04.02.2012 10:50 • #16


@Laura

natürlich ist für mich eine Psychose das schlimmste was mir passieren könnte!

Früher habe ich extrem hypohondrische Ängste gehabt und ich habe gedacht es gibt nicht schlimmeres! Doch heute würde ich diese Ängste vor der Psychose händeringend gegen Angst vor Krankheiten tauschen!

Ich habe in den ganzen Angstjahren so viele körperliche Untersuchungen gemacht und mich irgendwann damit abgefunden das ich gesund bin.
Ja und irgendwann hat sich die Angst auf psychische Krankheiten verschoben und ist da jetzt auch fest verankert!

Es gibt da auch glaube ich keine Untersuchung die mir diese Angst nehmen könnte!
Oder hat schon jemand mal so eine Untersuchung gemacht?

Ich bin für Tips dankbar!

04.02.2012 20:48 • #17

Sponsor-Mitgliedschaft

Hey,


also angeblich muss man ja für Schizophrenie/psychosen veranlagt sein, deshalb kann man vllt son neumodischen gentest dafür machen...

es gibt ja so tests wo du erfährst was für krankheiten du irgendwann mal kriegen könntest...

aber will man das dann alles wirklich wissen?

06.02.2012 13:04 • #18


sprinty
Laura... GEH DOCH BITTE ZUM NEUROLOGEN, WENN DU GEWISSHEIT HABEN WILLST!

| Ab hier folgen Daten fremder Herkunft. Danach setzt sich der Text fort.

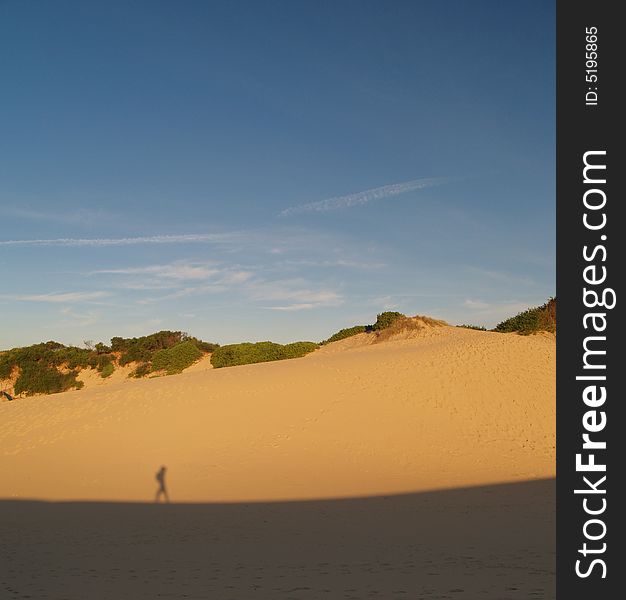 Backpacker on hot sand desert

Nicht böse sein. Aber manchmal überkommt einem das Gefühl, dass hier sehr viele gar keine Gewissheit haben möchten, sondern lieber Jahre über Jahre spekulieren und sich somit verrückt machen wollen.

06.02.2012 15:23 • #19


Schwarzer Engel
@ Laura
Ich glaube nicht, dass du eine Psychose hast. Die, die eine haben machen sich nämlcih keine Gedanken darüber, ob sie betroffen sind oder nicht. Und auch wenn du betroffen wärst, was wäre daran so schlimm? Ich selber bin schizophren und kann sehr gut damit leben.
Zitat von Laura6890:
also angeblich muss man ja für Schizophrenie/psychosen veranlagt sein, deshalb kann man vllt son neumodischen gentest dafür machen...
Leider ist das nicht immer der Fall. In meiner Familie hat es zuvor noch nie einen Vorfall in der Art gegeben und trotzdem habe ich die Krankheit bekommen.
Gehe einfach zum Neurologen und lass dich untersuchen, dann hast du Gewissheit. Aber auch wenn es so sein sollte, das ist wirklich kein Weltuntergang, da gibt es viel schlimmere Krankheiten.